COMMAND LINE

Commands:

This library can currently train full SVMs and Budgeted SVMs. Once this library has been compiled, you can find the executable files under the folder "bin". The syntax to train a model is very intuitive a similar to other svm based tools like libsvm or svmlight.

To train a model using the algorithms you must use their respective commands followed by the options (see options section), the file that contains the labeled training set (see datasets section to see the supported formats) and the file where the trained model will be saved (see model file section):

./full-train [options] training_set_file model_file
./budgeted-train [options] training_set_file model_file

To classify a new dataset you must specify the command LIBIRWLS-predict followed by the options (see options section), the file that contains the dataset to classify (it can be a labeled or unalbeled dataset, see datasets section to see the supported formats), the file that contains a trained model (previously obtained using the algorithms, see model file section) and finally the file to save the classification of the dataset (see output section):

./LIBIRWLS-predict [options] dataset_file model_file output_file

Options:

Training options:

General options

-k kernel type (see algorithms, default 1):
- 0 = Linear kernel u'v
- 1 = radial basis function exp(-gamma|u-v|^2)
-g Gamma: Set gamma in the radial basis kernel function (see algorithms, default 1)
-c Cost: Set the SVM Cost (see algorithms, default 1)
-t Number_of_Threads: It is the number of parallel threads (see parallelization, default 1)
-f File format (see datasets, default 1):
- 0 = CSV format
- 1 = libsvm format
-p separator: csv separator character (only applicable if CSV format is selected, default ",")
-v verbose (default 1):
- 0 = Silen mode, no screen messages
- 1 = Screen messages

Specific options of full-train

-w Working_set_size: Size of the Least Squares Problem in every iteration (default 500)
-e eta: Stop criteria (default 0.001)

Specific options of budgeted-train

-s Classifier_size: Size of the classifier (see budgeted solution, default 50)
-a Algorithm: Algorithm for centroids selection (see budgeted solution,default 1)
- 0 = Random Selection
- 1 = SGMA (Sparse Greedy Matrix Approximation)

Classification options:

To use with the command LIBIRWLS-predict.

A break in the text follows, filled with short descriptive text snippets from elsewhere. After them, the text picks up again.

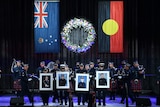 Police officers on stage at a memorial service holding four portraits of killed officers.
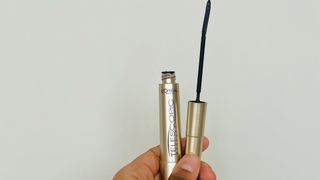 A person holding an opened L'Oreal Telescopic Mascara tube, for L'Oreal Telescopic Mascara review.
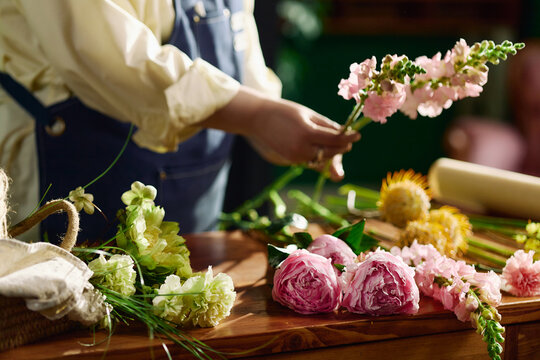 Close up of florist arranging fresh flowers on worktable, preparing bouquet for retail sale and event decor. Ideal for floral business marketing, handmade product branding, small shop promotion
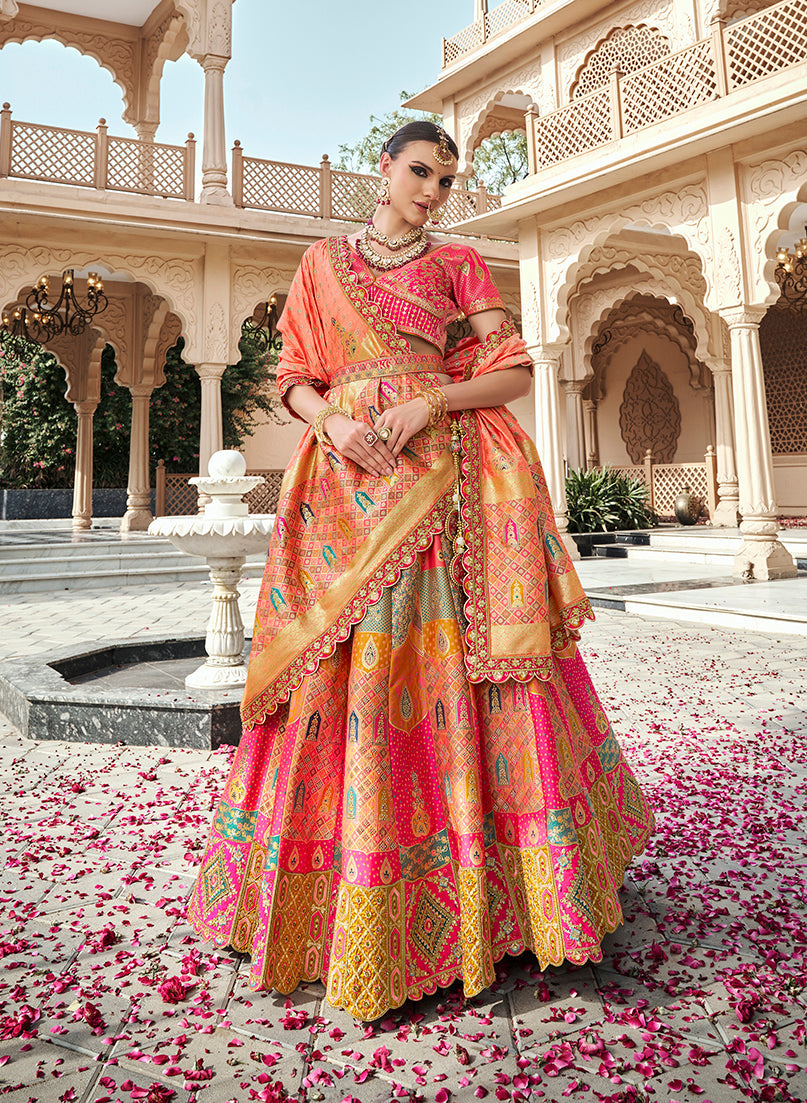 Rani Pink Banarasi Silk Wedding Lehenga with intricate zarkan and cut-dana embroidery details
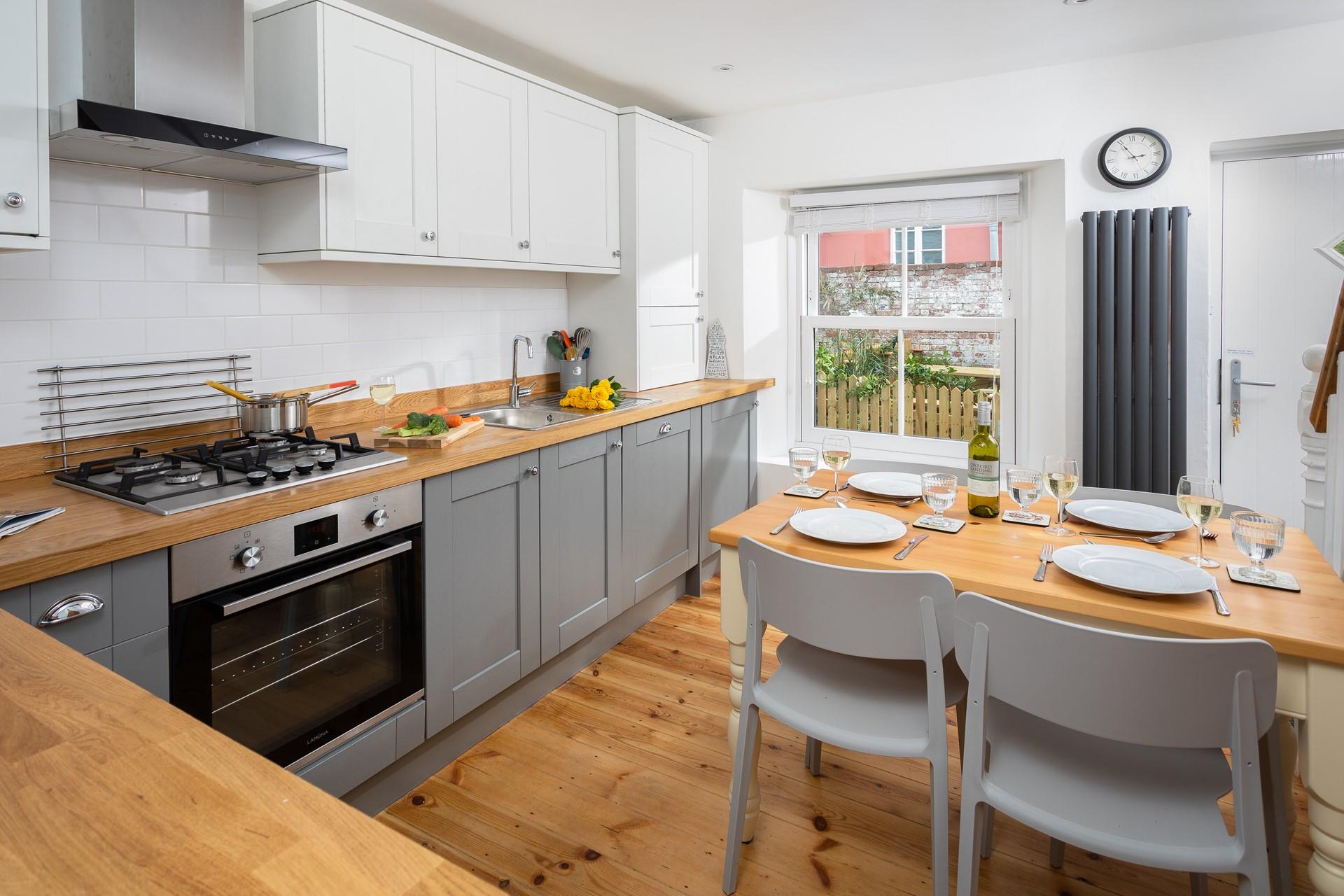 The kitchen is fabulously bright, spacious and modern, perfect for cooking family meals!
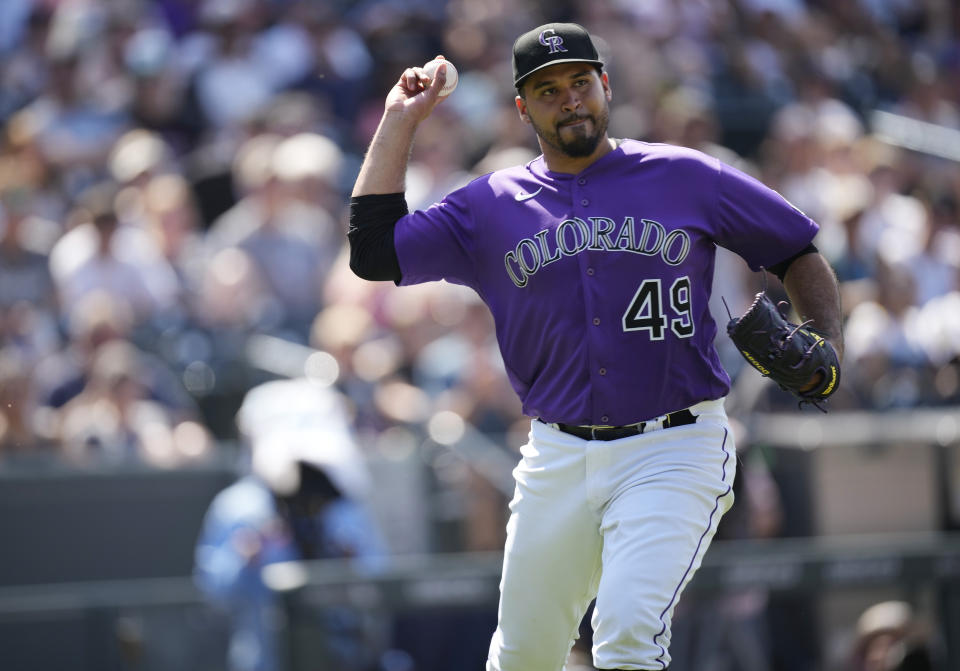 Colorado Rockies starting pitcher Antonio Senzatela looks to throw the ball after taking a single off the right shin off the bat of Chicago White Sox's Leury Garcia in the seventh inning of a baseball game Wednesday, July 27, 2022, in Denver. (AP Photo/David Zalubowski)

-s Soft output (see output, default 0):

0 Hard classification (class prediction)
1 Soft classification

-l Labeled: (see datasets, default 0)

1 if the dataset is labeled
0 if the dataset is unlabeled
-t Number_of_Threads: It is the number of parallel threads (see parallelization, default 1)
-f File format (see datasets, default 1):
- 0 = CSV format
- 1 = libsvm format
-p separator: csv separator character (only applicable if CSV format is selected, default ",")
-v verbose (default 1):
- 0 = Silen mode, no screen messages
- 1 = Screen messages

Dataset Files:

This library supports datasets in two different file formats LibSVM and CSV (the format must be specified using the options). The datasets must be labeled for training and labeled or unlabeled for testing. The labels must take values +1 and -1.

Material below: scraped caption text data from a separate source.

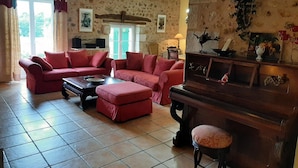 A cozy living room with a red sofa set, a wooden coffee table, and a piano. - La Queue Rousse Cottage - Historic Home with Fireplace and Enclosed Garden (Vitrac-Saint-Vincent)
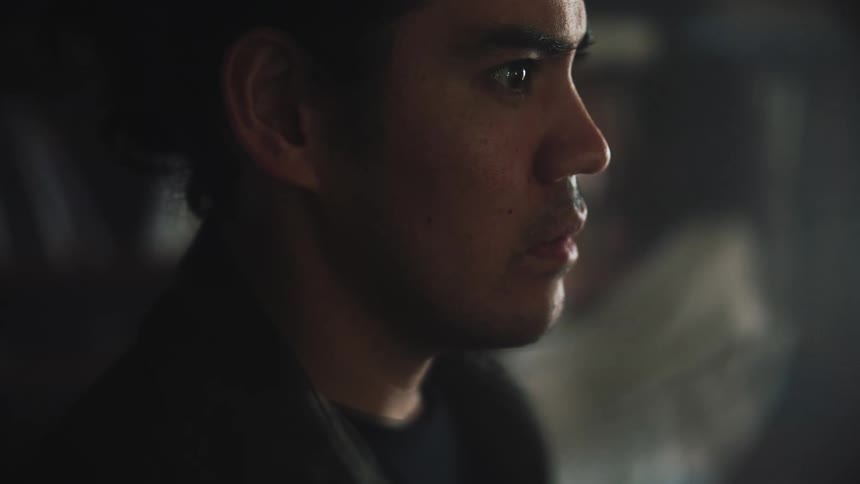 A sad looking man stands and looks in to the distance while a woman holding a baby paces back and forth behind him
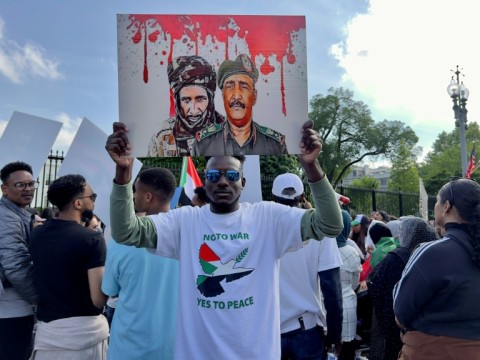 Activists demonstrate in front of the White House, calling on the US to intervene to stop the fighting in Sudan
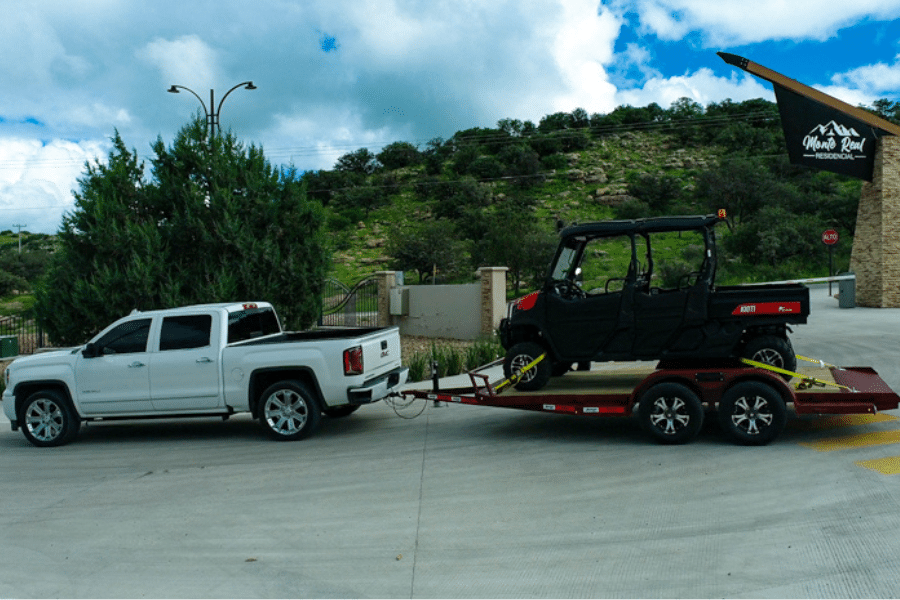 white truck hauling black golf cart on red car hauler trailer from Ohio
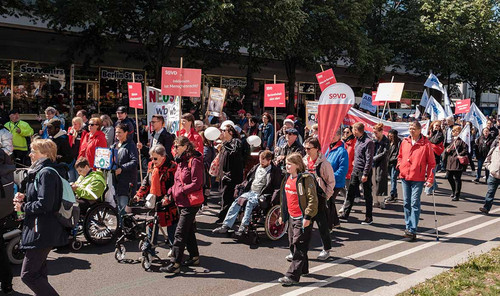 Mehrere Menschen in roter Kleidung mit Schildern und SoVD-Fahnen.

You can find a high number of datasets in libSVM format in the libsvm repository. You can test this library with them, take into account that many of them don't have labels with values +1 and -1 and you need to adapt them.

LibSVM format

Labeled - Every line is a sample and is composed by the class (+1 or -1) and followed by pairs of feature index feature value:

+1 1:5 7:2 15:6
+1 1:5 7:2 13:6 23:3
-1 2:4 7:3 10:6 23:1

Unlabeled - Every line is a sample and is composed by pairs of feature index and feature value:

1:5 7:2 15:6
1:5 7:2 13:6 23:3
2:4 7:3 10:6 23:1

CSV format

Each line of the file is a data record. Each record consists of one or more fields, separated by commas (the separator character can be modified using the command options).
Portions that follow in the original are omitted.